My new Essex Churches project has turned out to be rather short-lived now we’re only supposed to be making journeys which are absolutely vital. I can always come back to it once the restrictions have been eased, so today I sought out other ways to get my architecture fix.
Instead of heading to the woods I took a stroll around our village, looking for interesting buildings. Elsenham has recently seen a massive increase in new home building, most of which are architecturally pretty dull – including our house, built in 2013. However, there are some interesting older buildings too, many of which feature pargeting. This is a type of decorative plastering on the exterior which is particularly prevalent in Essex and Suffolk.
The most unusual building in the village is the old pumphouse. Built in 1896 by Sir Walter Gilbey in memory of his wife who died that year, it covered the head of the village well. It served Elsenham with water until the late 1950s, when the well shaft threatened to collapse.

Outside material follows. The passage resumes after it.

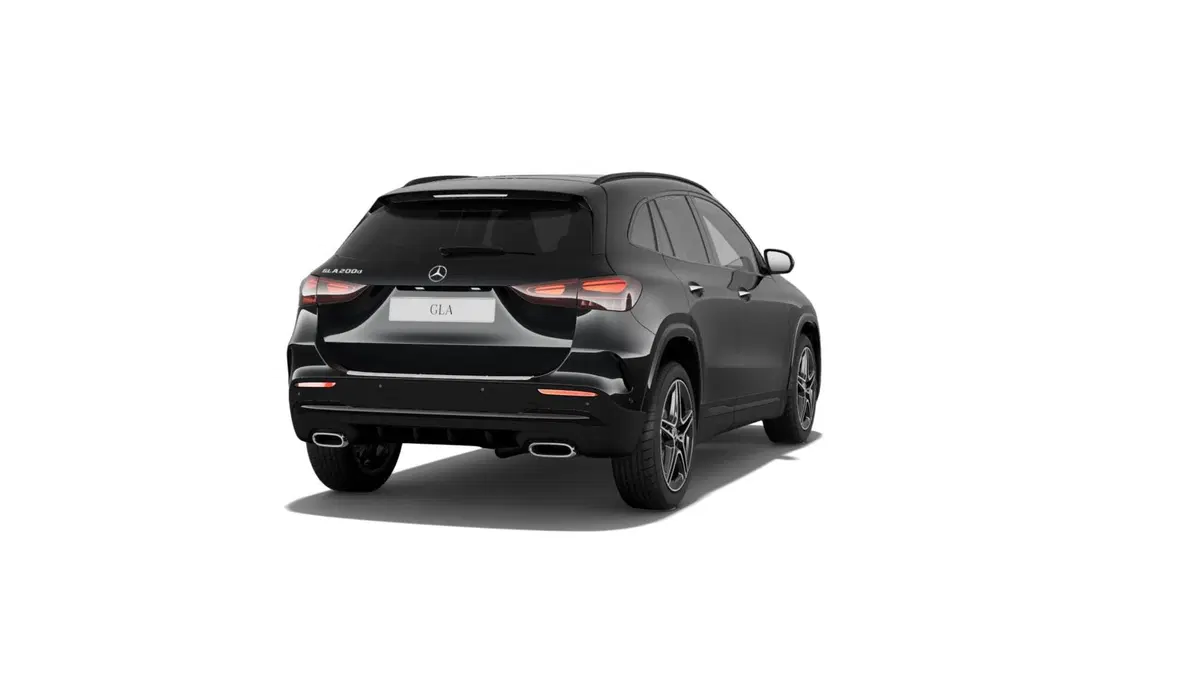 Mercedes-Benz GLA SUV nuova a Milano (4)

During my walk I stopped at St Mary’s Church, a building I’ve photographed many times before. I didn’t go inside this time, but instead focused my camera on external features which caught my eye.
Finally, I completed my loop round the edge of the fields and past some of the older cottages in the village. There are some other buildings of interest which weren’t on my route today, but I’ll save them for another day – after all, I wouldn’t want to use up all the possibilities too quickly!